Five questions motivated me to design and run these benchmarks. First, I was curious about how the performance of Java 1.4.2 (the latest official version from Sun) compares to that of Microsoft's relatively new .NET 2003 suite of languages. Both Java and the .NET languages are "semi-compiled" (or, looking at the flip side of the coin, "semi-interpreted"). By this I mean that source code is compiled into intermediate-level code and then run by a combination interpreter/just-in-time compiler. With Java, the intermediate language is called bytecode and the interpreter/compiler is called a Java Virtual Machine (JVM). Source code in the .NET world is compiled into the Microsoft Intermediate Language (MSIL) and is run on the .NET Common Language Runtime (CLR) engine.

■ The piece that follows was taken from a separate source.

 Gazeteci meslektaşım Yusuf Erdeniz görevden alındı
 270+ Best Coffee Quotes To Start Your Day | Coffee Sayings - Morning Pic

The .NET languages benefit from many of the same features that have made Java so popular, including automatic resource management/garbage collection and type safety. They also add interesting new features and conveniences such as cross-language debugging, easy GUI design, and virtually idiot-proof application deployment. But what is the performance penalty of these new features? By adding layers of complexity to its programming model, has Microsoft given up its speed advantage over Java?
Microsoft makes it especially easy to compare the overhead of the Java and .NET frameworks by including J# in the .NET suite. This language is syntactically identical to Java (although it implements only version 1.1.4 of the Java spec, which is by now quite out of date), so any differences in speed between Java and J# should be attributable purely to differences between the Sun and Microsoft runtime overhead.
Second, I wanted to assess Microsoft's claim that the same routine coded in any of the .NET languages is compiled into identical MSIL code which will ultimately run at the same speed. This led me to keep the benchmark very simple, so that I could make sure the routines in each of the .NET languages really were functionally identical. Would all four languages really run at the same speed?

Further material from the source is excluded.